Two $2 billion healthcare real estate investment trusts are about to combine into a giant medical office.
Healthcare Trust of America is in advanced talks to merge with Healthcare Realty Trust, The Wall Street Journal reported. People familiar with the matter told the Journal that the cash and stock deal could be finalized in the coming days, but talks could still break down.
The terms of the potential transaction were unclear.
Healthcare Trust of America had a market value of around $6.6 billion as of February 24, while Healthcare Realty Trust was worth $4.6 billion. The Journal reported that a combined company could be valued at more than $10 billion.
Both trusts own and operate medical practices across the country. Healthcare Trust of America has over 25 million square feet in its portfolio; Healthcare Realty Trust has approximately 18 million square feet.
Healthcare Trust of America, based in Scottsdale, Ariz., has been considering a sale for months under pressure from activist shareholders, the Journal reported.

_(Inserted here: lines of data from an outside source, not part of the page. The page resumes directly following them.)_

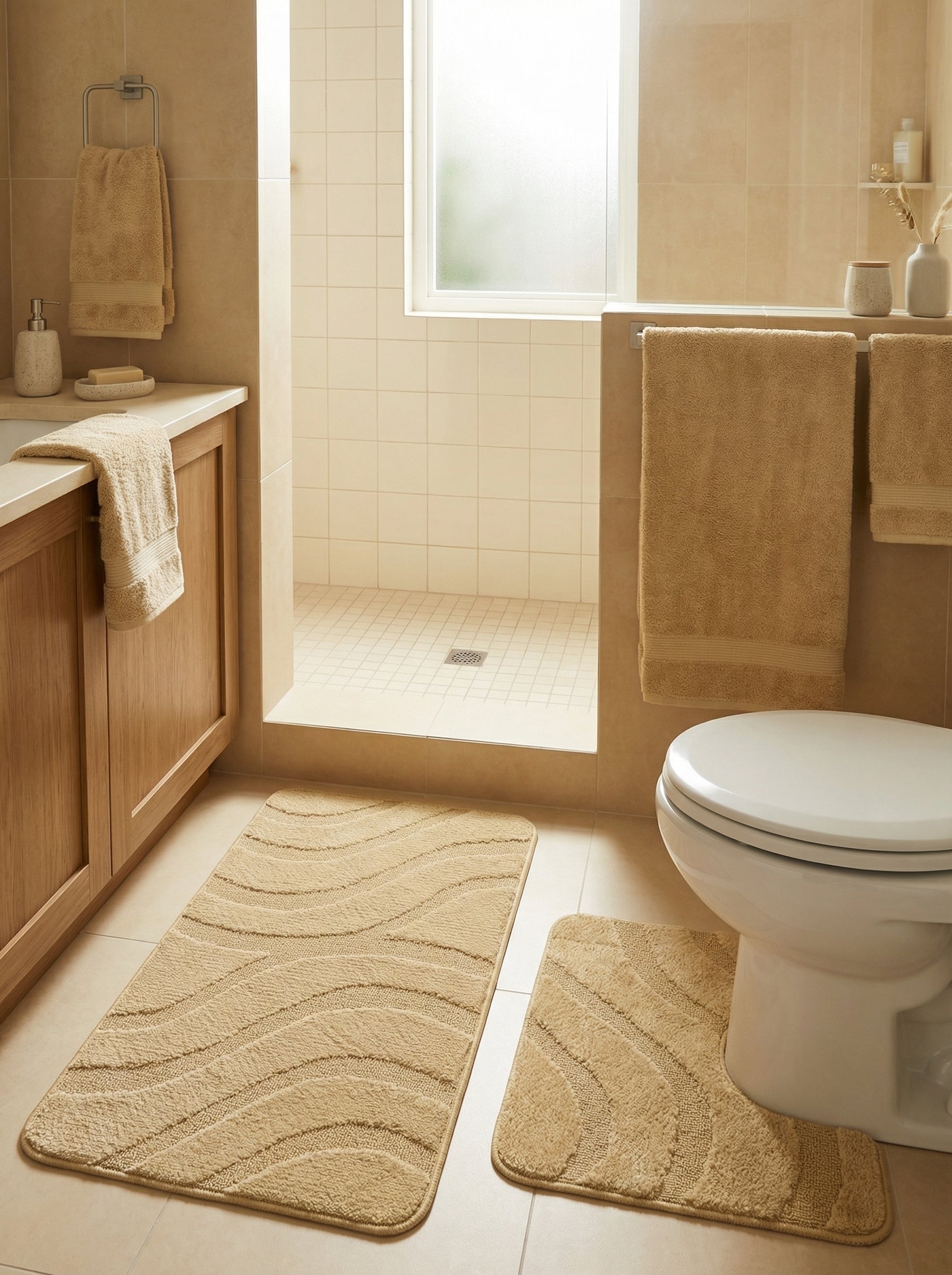 Ensemble de tapis de bain couleur sable, l'un rectangulaire et l'autre en U, avec des motifs de vagues texturées, dans une salle de bain claire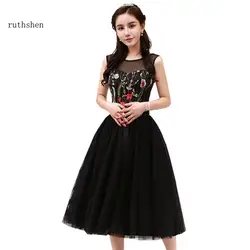 Ruthshen черный Выпускные платья новое поступление 2018 года Короткие Вышивка цветок коктейльное платье vestidos Festa Курто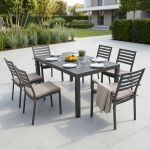 DEXTER - set tavolo in alluminio cm 160/240 x 90 x 75 h con 4 sedie e 2 poltrone Dexter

The trust was founded in 2006 and went public in 2012, but saw mixed stock market results, including a slump at the start of the pandemic. Former CEO Scott Peters resigned in August without explanation.
In September, the REIT purchased 1905 Medical Center in Boca Raton for $50 million. The REIT was previously part of a consortium that sold a 459-bed hospital property, three office buildings and a medical office shopping center in Lauderdale Lakes to Medical Properties Trust for $171 million.
Healthcare Realty Trust is based in Nashville. According to the Journal, the trust’s fourth-quarter earnings included a 5.3% increase in normalized funds from operations year-over-year.
San Clemente-based CareTrust REIT began exploring a sale in late 2021 as it faced pandemic-related challenges. The trust has a market capitalization of approximately $2.1 billion and owns 224 properties in 27 states, including healthcare properties, nursing homes and senior housing.
Investors have flocked to medical practices since the pandemic began. The Journal reported in April that doctors and medical tenants stay more up-to-date on rent payments than other office tenants, leading major players to invest in the sector.